For this exercise, reproduce each entry below exactly, excluding pictures.

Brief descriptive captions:
○ ○ ○
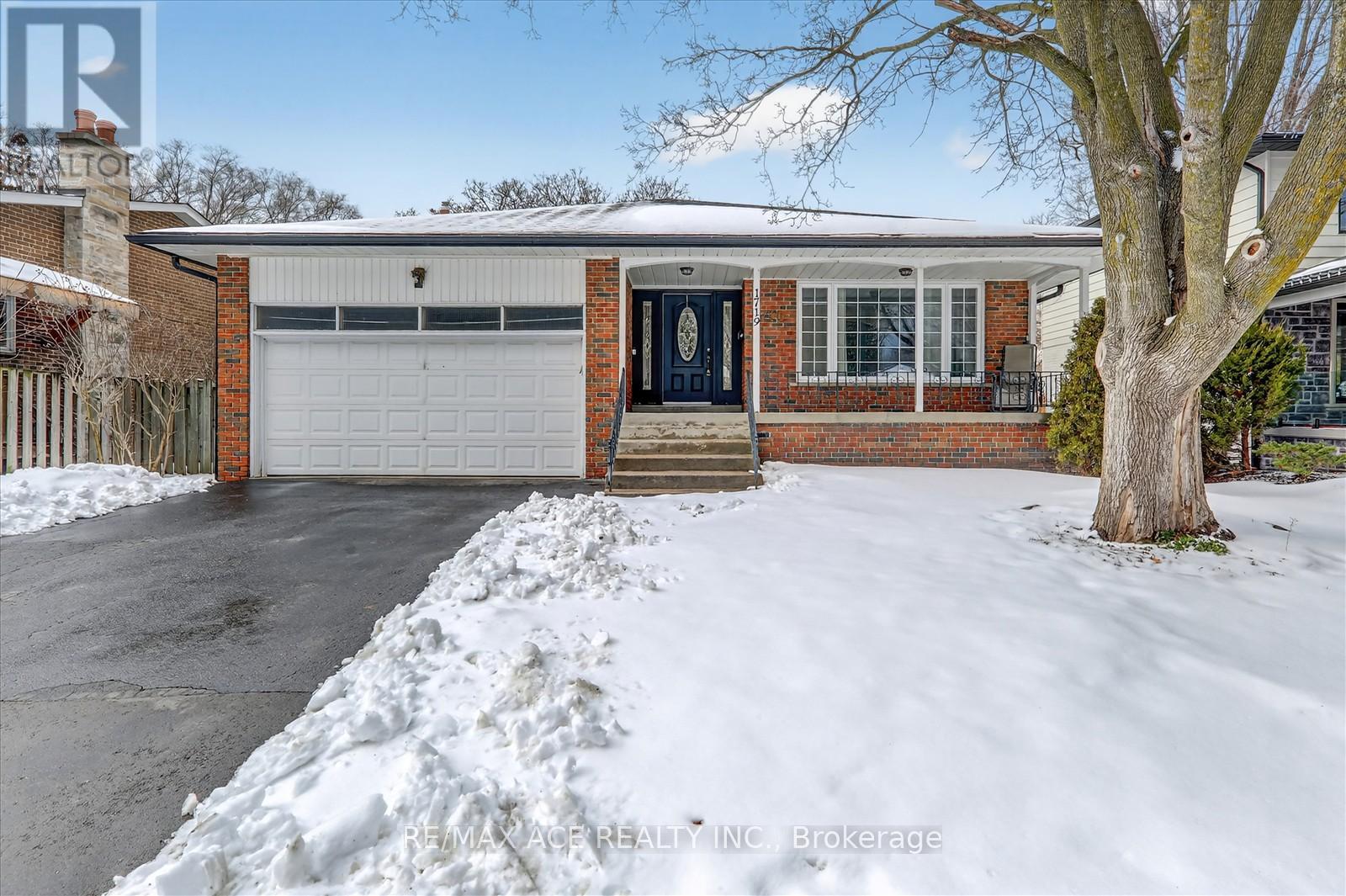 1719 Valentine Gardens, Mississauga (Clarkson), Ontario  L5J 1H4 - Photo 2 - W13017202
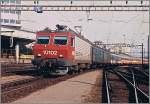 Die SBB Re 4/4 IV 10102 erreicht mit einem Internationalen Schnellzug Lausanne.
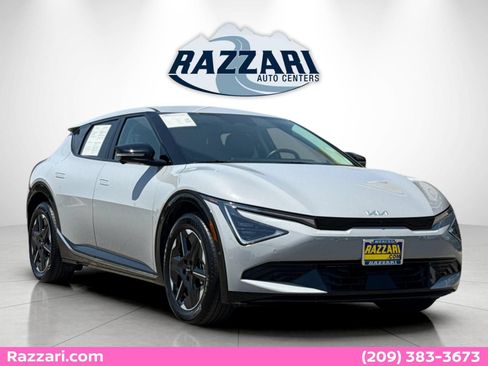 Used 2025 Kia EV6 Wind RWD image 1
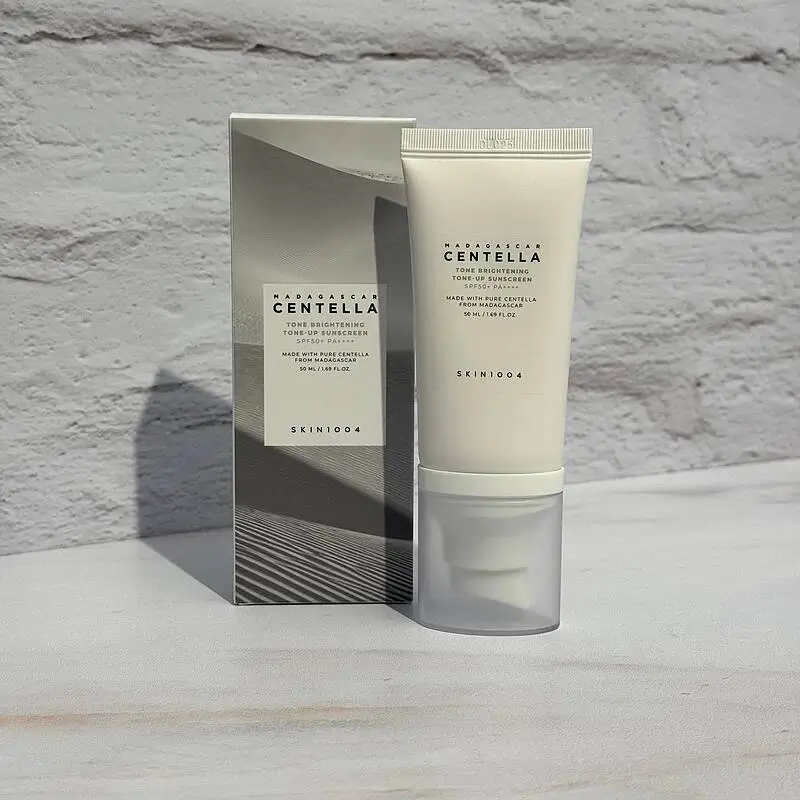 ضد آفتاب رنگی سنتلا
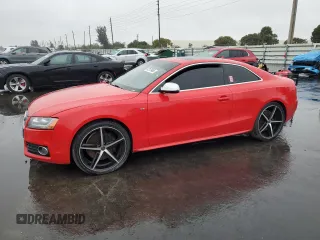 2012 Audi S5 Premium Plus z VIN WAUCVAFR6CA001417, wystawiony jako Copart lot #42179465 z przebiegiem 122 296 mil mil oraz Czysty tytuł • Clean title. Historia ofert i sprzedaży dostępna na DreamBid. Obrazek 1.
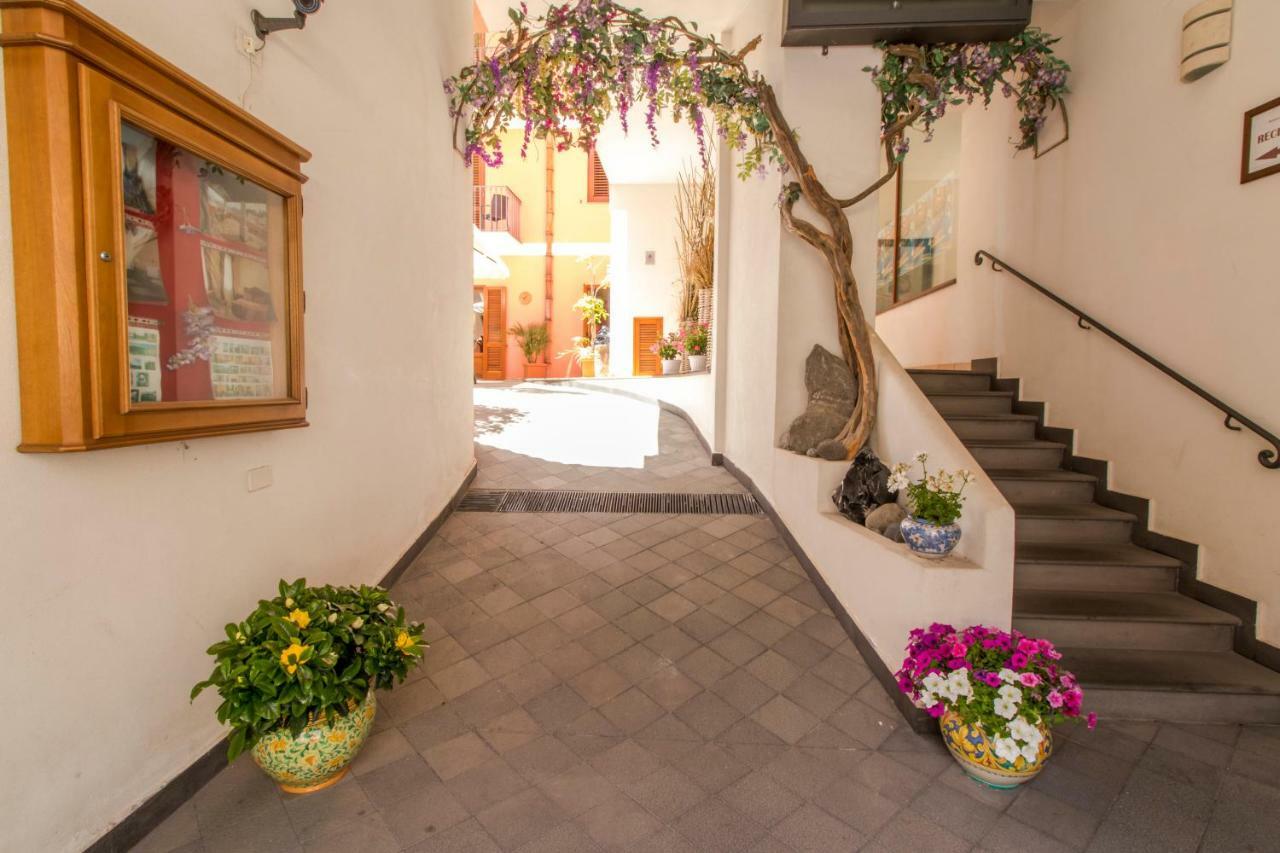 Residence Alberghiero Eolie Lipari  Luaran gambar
○ ○ ○
> **Exercise solution**
 1719 Valentine Gardens, Mississauga (Clarkson), Ontario  L5J 1H4 - Photo 2 - W13017202
 Die SBB Re 4/4 IV 10102 erreicht mit einem Internationalen Schnellzug Lausanne.
 Used 2025 Kia EV6 Wind RWD image 1
 ضد آفتاب رنگی سنتلا
 2012 Audi S5 Premium Plus z VIN WAUCVAFR6CA001417, wystawiony jako Copart lot #42179465 z przebiegiem 122 296 mil mil oraz Czysty tytuł • Clean title. Historia ofert i sprzedaży dostępna na DreamBid. Obrazek 1.
 Residence Alberghiero Eolie Lipari  Luaran gambar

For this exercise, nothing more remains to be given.